Just when you thought he was out…
disgraced former Governor Andrew Cuomowho resigned last summer and faces impeachment charges scathing serial report on sexual harassment by the Attorney General, could pose a serious challenge to his successor, Governor Kathy Hochula new poll has revealed.
Cuomo would be just 4 points behind his former running mate if he entered the Democratic main race to retake the governorship Emerson College/The Hill survey disclosed.
Hochul rallies 37 percent of Democratic primary voters to 33 percent for Cuomo in the hypothetical match, the poll says.
About 16 percent of Democrats said they were undecided or voting another candidate, while 7 percent of Democrats favored Long Island Rep. Tom Suozzi and 4 percent supported Jumaane Williams, New York City public advocate.
The poll was a mixed bag for Cuomo, who resigned last August under threat of impeachment after a state investigative report released by Attorney General Letitia James concluded he molested or abused 11 women, including staff members in his service. He has denied wrongdoing.

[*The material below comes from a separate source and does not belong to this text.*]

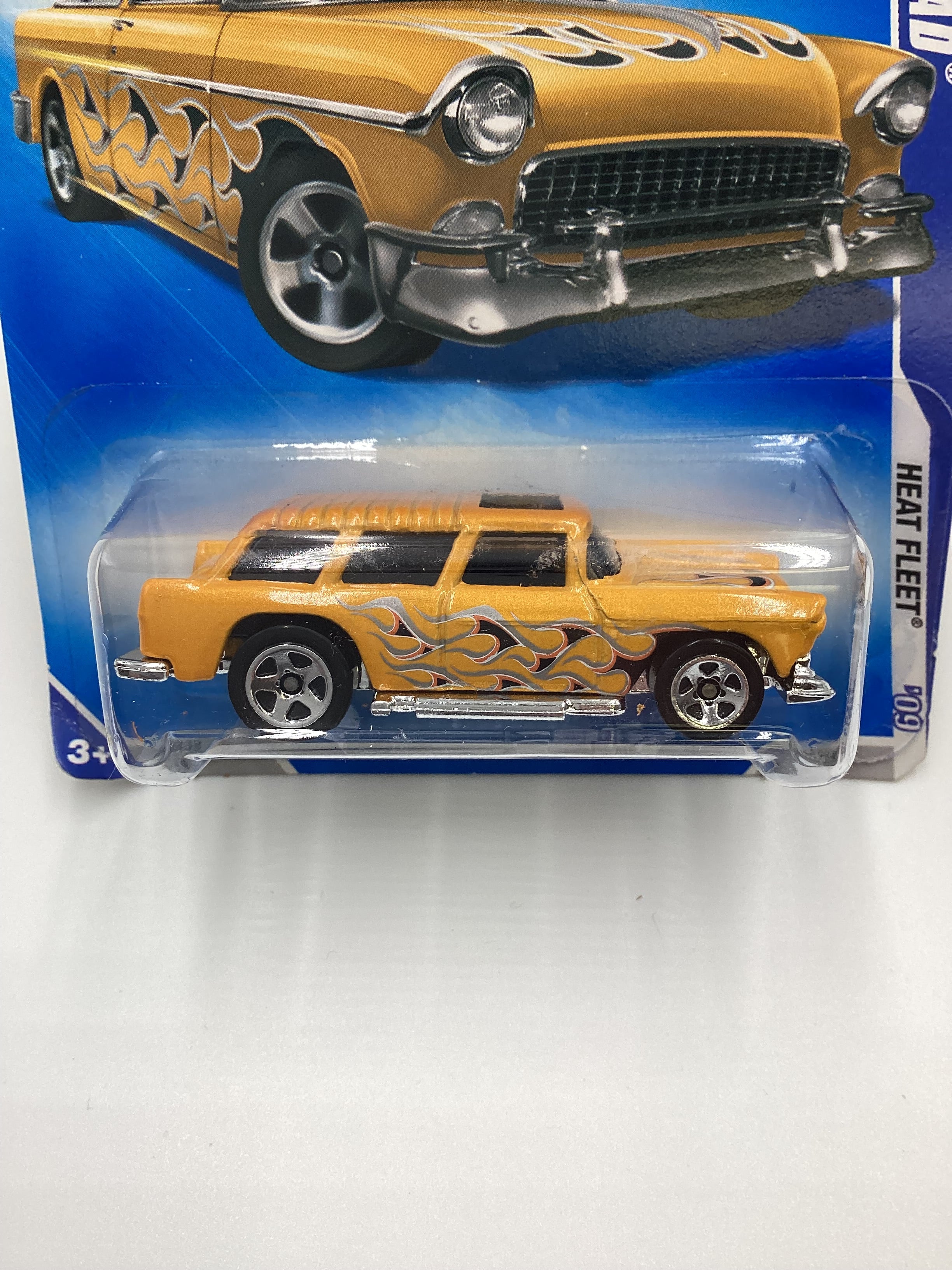 2009 Hot Wheels #125 55 Nomad Yellow 15i - Image 3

Cuomo would certainly have been running for a fourth term before he was caught in a scandal.
However, the poll found that nearly two-thirds of all New York voters — 63 percent — believe Cuomo should not return to public office, while 24 percent believe he should, while the rest has no opinion on it.
In the hypothetical primary, Cuomo had the support of 59 percent of black voters, by far the highest of any candidate.

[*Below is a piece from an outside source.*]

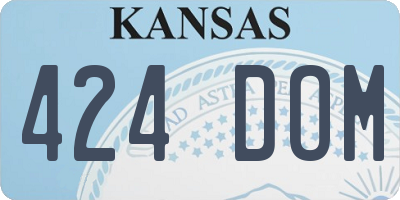 KS license plate 424DOM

Hochul had the greatest support among white and Hispanic voters — 51 percent and 50 percent, respectively.
No wonder Cuomo made his first public speaking appearance at a predominantly black church in Brooklyn – God’s Battalion of Prayer in East Flatbush – where he did not repent for his sins but instead blamed others for his downfall.

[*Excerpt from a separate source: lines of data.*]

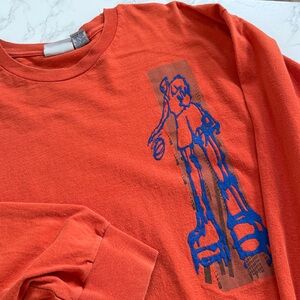 Vintage Y2K B.U.M. Equipment Graphic Long Sleeve T-Shirt | Men’s Size L | Orange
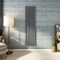 Acezanble∣Vertical Flat Panel Radiators Central Heating Anthracite Single Designer 1800x408mm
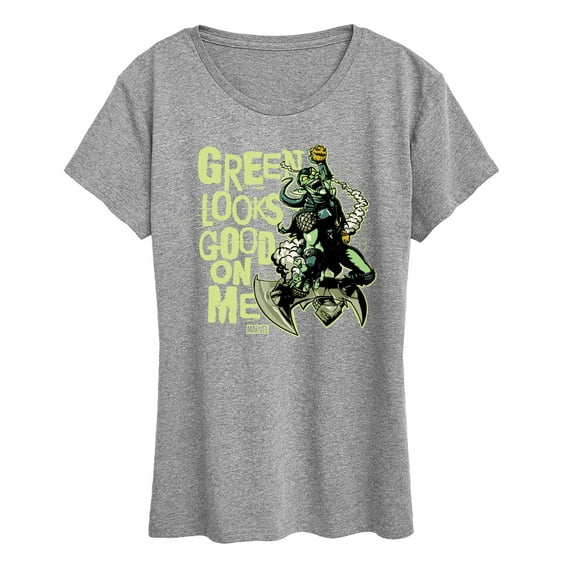 Marvel Spider-Man - St. Patrick's Day Green Looks Good On Me - Women's Short Sleeve Graphic T-Shirt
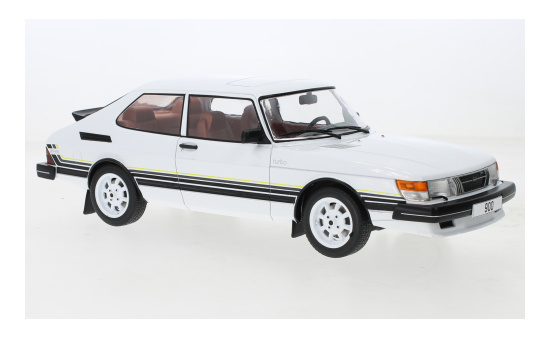 MCG MCG18339 Saab 900 Turbo - weiss , Dekor 1:18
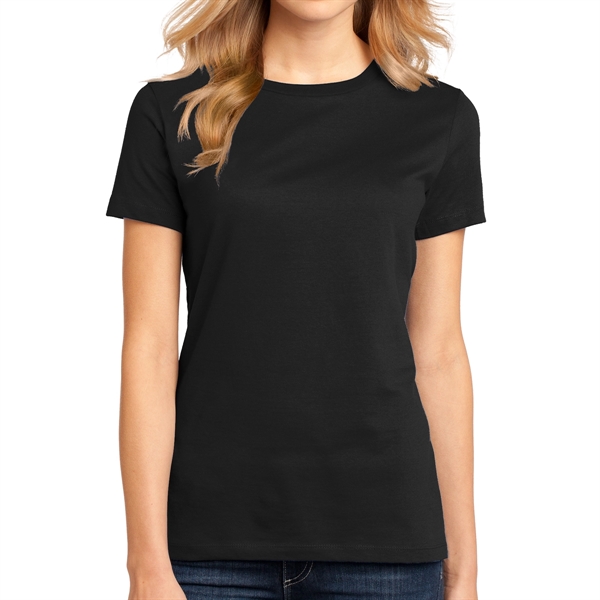 Jet Black color option for District Made® Women's Crew T Shirt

Cuomo is also spending some of his $16 million in remaining campaign funds in TV spots Attacking James’ report and preserving his innocence.
“While voters trust the poll’s findings and don’t want Cuomo returning to office, he still has significant support from a base of Democratic primary voters,” said Spencer Kimball, executive director of the Emerson College Poll.
Kimball said he wasn’t surprised by the scandal-stricken Cuomo’s strong performance.
“When he resigned, I noticed that he still had a strong base of support that seemed ready to fight for him … but he resigned. These current numbers suggest the base is still with him and he could win by a majority in a multi-candidate field,” Kimball said.
“I think he would have more trouble winning a primary one-on-one.”
Cuomo has argued James’ report was a political hit.
But voters have a different opinion.
Of all voters, 59 percent say they trust the findings of James’ inquiry into Cuomo’s sexual harassment allegations, while just 23 percent disagree, although support has slipped from 64 percent last August.
A solid majority of voters – 60 percent – think the inquiry was a serious attempt to find out what really happened to Cuomo’s treatment of women, while 38 percent said it was politically motivated.
For Democrats, the range is narrowing — 54 percent said the probe was legitimate, while 43 percent believed it was politically motivated.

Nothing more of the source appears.